Samantha – currently living in Abu Dhabi – told me that it isn’t that simple. Her American in-laws are in their 90s and, being isolated in a nursing home in the States, rely only on the phone to stay in contact with her, her husband and their only son. On the other hand, those who are more tech-savvy get to keep in touch with their grandkids abroad, now the only available choice. But what does it mean to be “in touch”, and what has it done to our relationship bonds as we lose physical contact? Everyday interaction, something we used to take for granted, now requires not only smart phone cameras and internet service, but a lot more effort too, as we lose the ability to read subtle non-verbal forms of communication like body language and facial movements. Even my nine-year-old, who has been used to video calls the last seven years, fidgets impatiently at our weekly meetings with his grandparents on WhatsApp.
Then there’s the mental toll of not knowing when we will be reunited with family, in Singapore and abroad. Those with young children, like Elsa in Melbourne, wonder when their parents would get to see their grandchildren again. She and her husband have had to retool and reskill, as the pandemic had decimated the entertainment industry and along with it, their jobs.
Then there are those who have aged and ailing relatives to whom they cannot get at the drop of a hat.
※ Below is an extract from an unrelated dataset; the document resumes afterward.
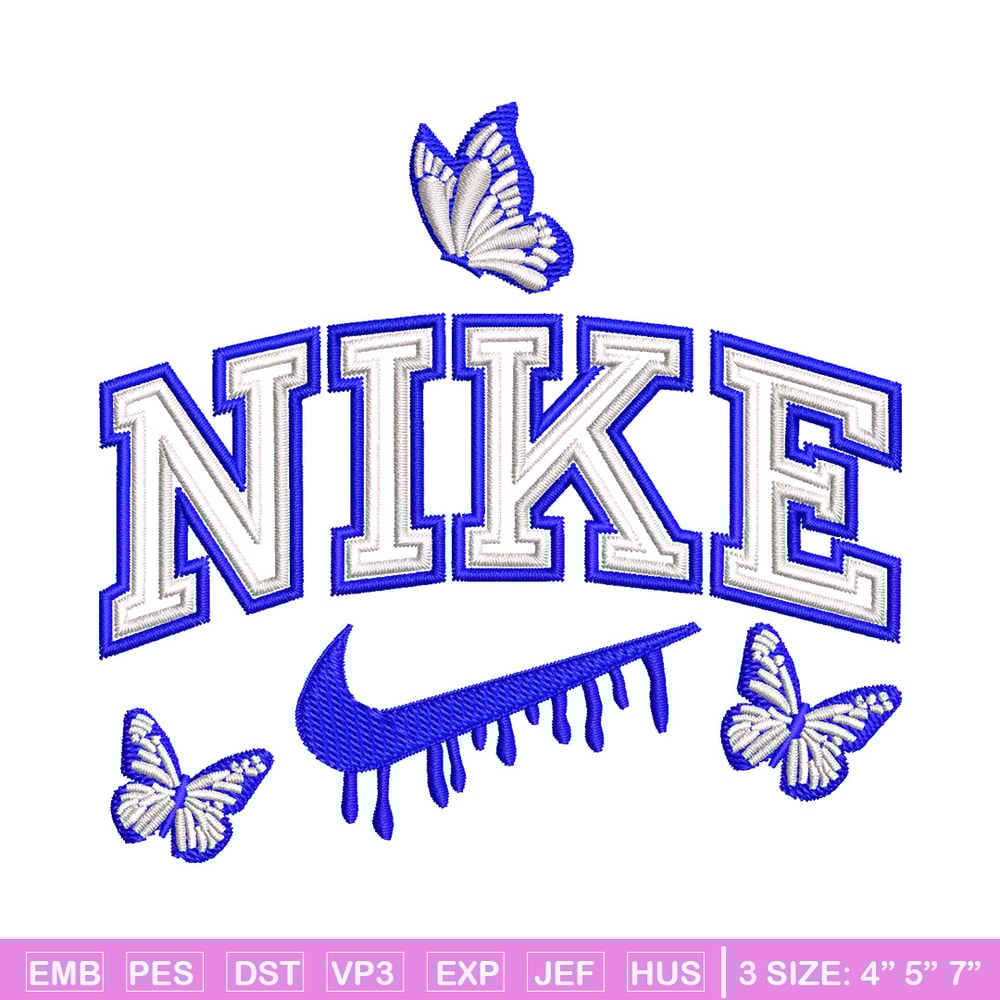 Nike butterfly embroidery design, Butterfly embroidery, Nike design,Embroidery file,Embroidery shirt,Digital download.jpg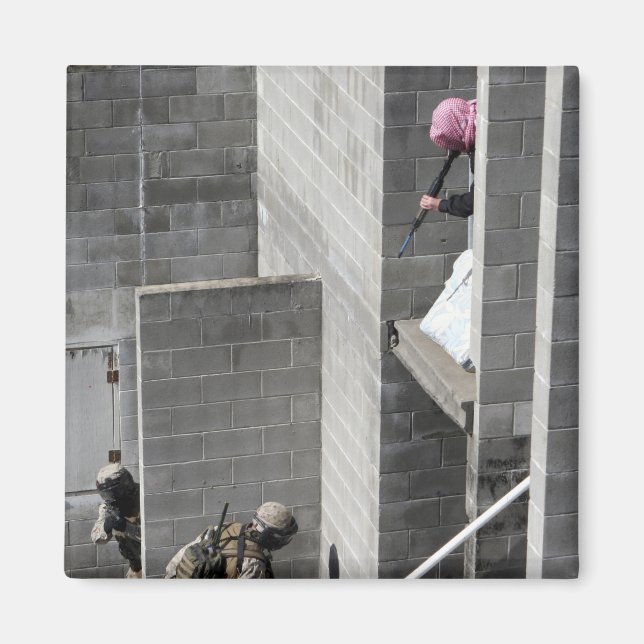 A Marine and role-playing enemy aggressor Magnet (Front)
Shalyn, who resides with her family in Stuttgart, flew home last year when her father collapsed from a sudden aneurism, requiring major surgery to the brain. He has since made a miraculous recovery, but Shalyn lives in constant anxiety that she might be stranded in Germany if another family crisis were to happen. Maeve, from the Italian state of Genoa, worries about how another lockdown might affect her mother, as more and more people have had to transition to working online and at home, under challenging circumstances.
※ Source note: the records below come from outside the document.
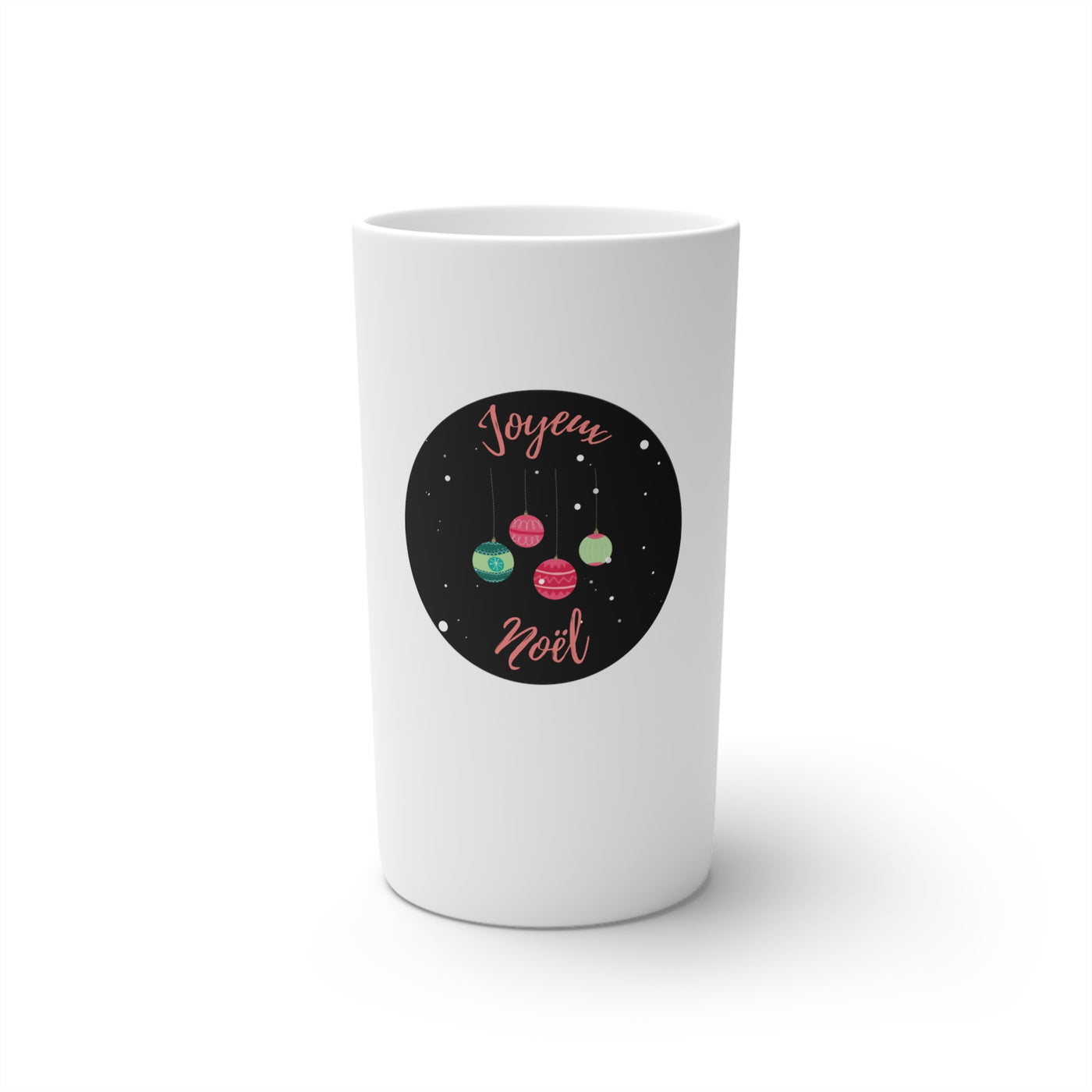 "Joyeux Noel" Christmas ornaments Conical Coffee Mugs (3oz, 8oz, 12oz)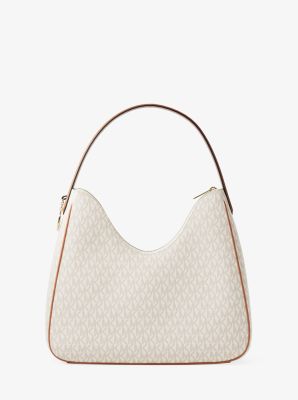 Nayla Medium Signature Logo Shoulder Bag in VANILLA | Michael Kors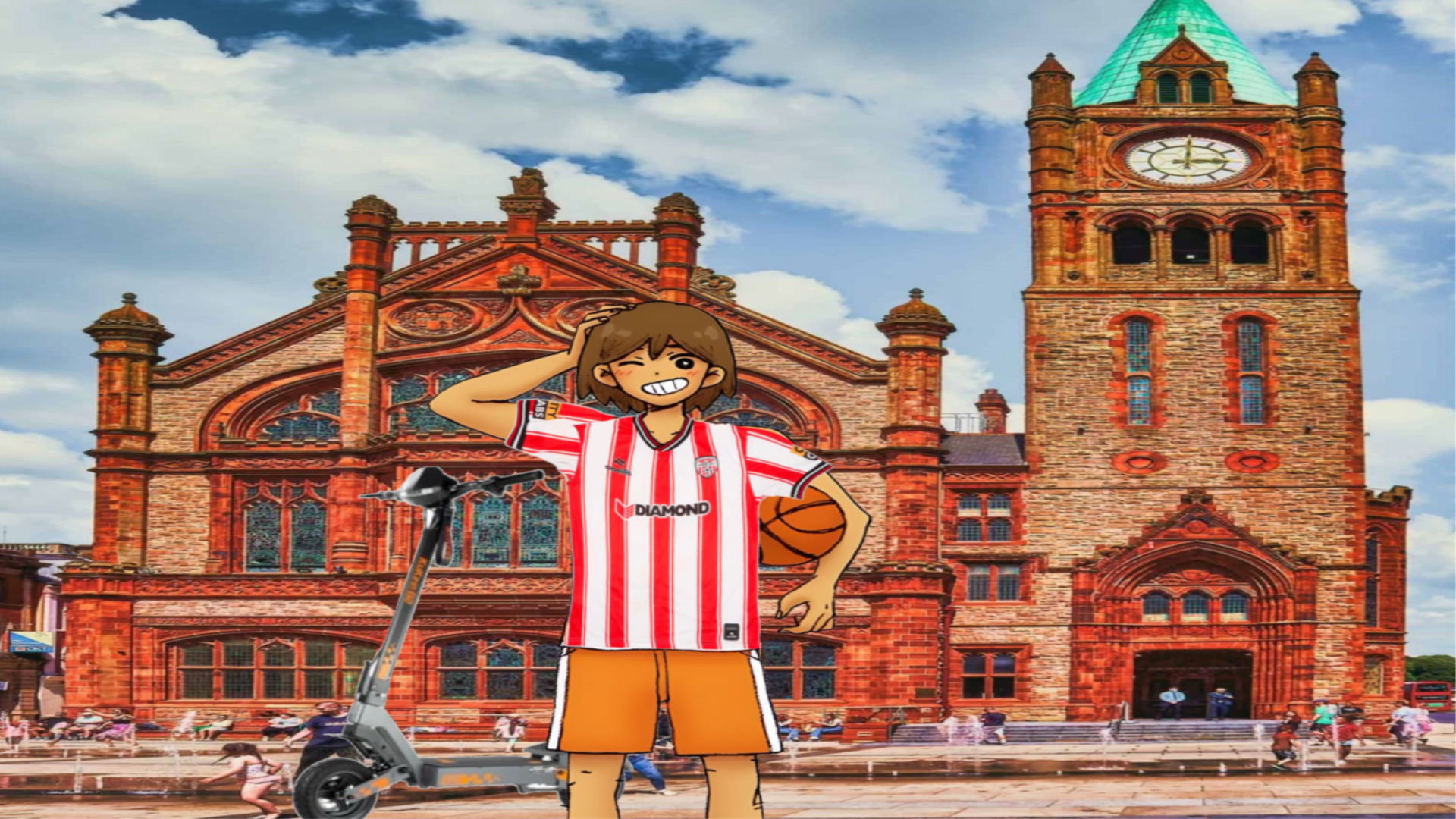 Kel at the guildhall in derryのバナー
Multigenerational contact is pretty vital in moderating the stress that can arise from retirees forced to isolate with each other at home, cut off from the welcoming distraction of familial visits. I, too, worried about my (sometimes) cantankerous parents being alone at home with each other. When we left Singapore, not only did they lose their only grandson, but a daily source of mental health relief!
While we used to think very little of the distances between ourselves and our families, because we simply assumed that we would see them again around the holidays, sheltering in place with no way to plan for the near future has also brought many emotions to the fore as I spoke to my friends abroad: anxiety from the general uncertainty, guilt as we watch our families cope without support from us, and anguish at our sense of helplessness as we witness the turmoil of those we care about. The push and pull from the needs of our own nuclear family and the obligations we feel towards our family of origin back home is a constant struggle within many of us.
As I shipped off another care package to Singapore at the post office today, I thought of my little nephew who has yet no inkling of the unpredictable world he is now a part of. Like most humans, I like having a measure of control over my destiny, but when things go a little sideways, it’s also rather human to despair a little and then find a way to cope with life’s permanent uncertainties. While we cannot close the physical gap with our loved ones, we can – with technology and the good old-fashioned postal service – bridge the emotional one.